§ Prompt: In the material below, the lines between the one holding "Wizard Monster Upose" and the one holding "#OI #OoduImplementers #OdooPartners", inclusive, are to be set down word for word. Pictures stay out.
==== Source data
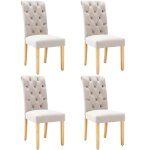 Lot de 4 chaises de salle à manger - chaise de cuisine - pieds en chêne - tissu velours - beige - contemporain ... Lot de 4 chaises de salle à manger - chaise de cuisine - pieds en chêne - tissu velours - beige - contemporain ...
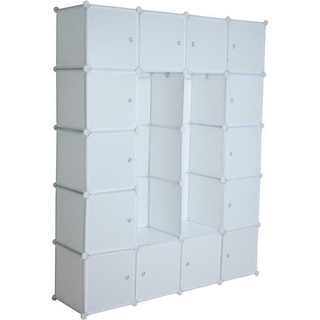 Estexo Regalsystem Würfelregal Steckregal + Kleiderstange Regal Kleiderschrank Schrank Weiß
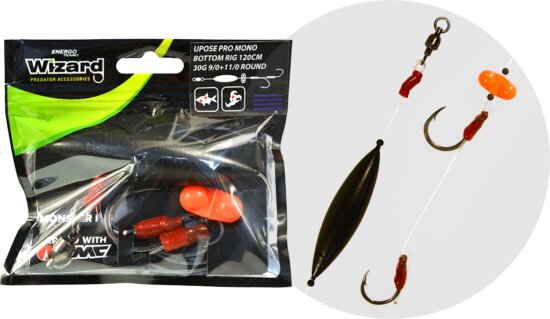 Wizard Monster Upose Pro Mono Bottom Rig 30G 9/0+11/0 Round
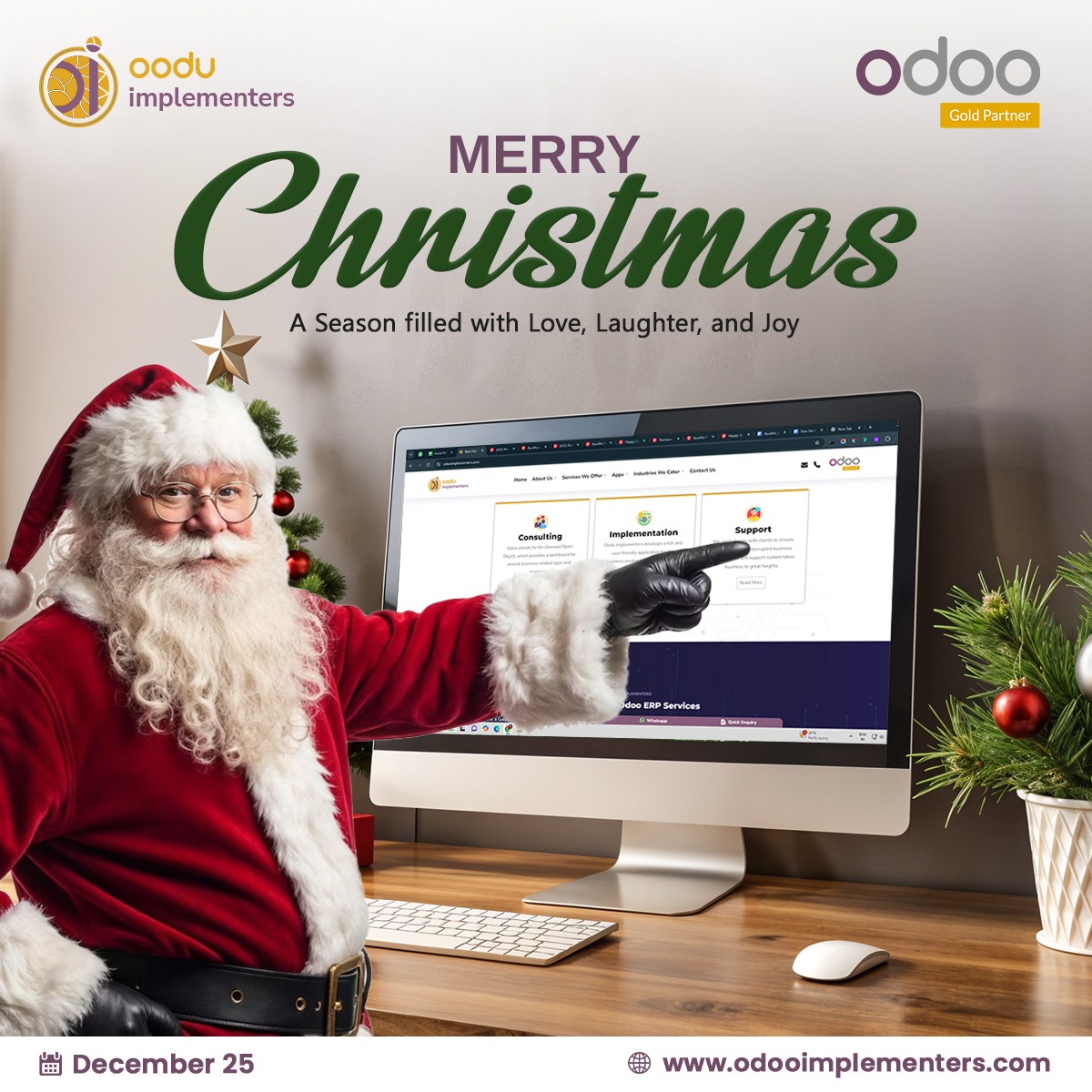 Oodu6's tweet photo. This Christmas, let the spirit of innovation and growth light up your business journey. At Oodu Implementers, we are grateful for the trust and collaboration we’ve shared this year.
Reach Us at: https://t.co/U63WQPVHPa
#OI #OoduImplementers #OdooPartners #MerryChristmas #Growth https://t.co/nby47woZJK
========
==== Source data
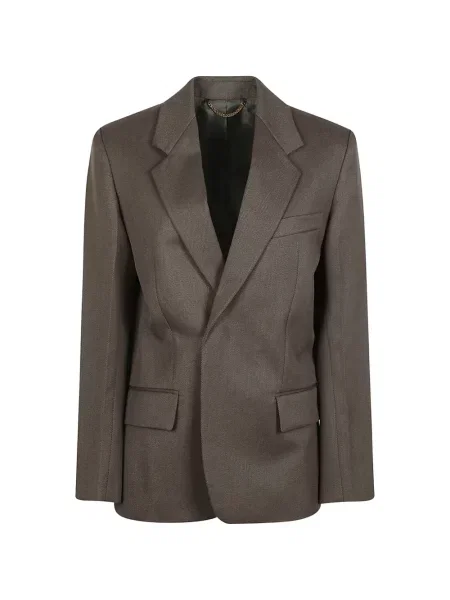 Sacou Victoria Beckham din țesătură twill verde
========
§ Task solution:
 Wizard Monster Upose Pro Mono Bottom Rig 30G 9/0+11/0 Round
 Oodu6's tweet photo. This Christmas, let the spirit of innovation and growth light up your business journey. At Oodu Implementers, we are grateful for the trust and collaboration we’ve shared this year.
Reach Us at: https://t.co/U63WQPVHPa
#OI #OoduImplementers #OdooPartners #MerryChristmas #Growth https://t.co/nby47woZJK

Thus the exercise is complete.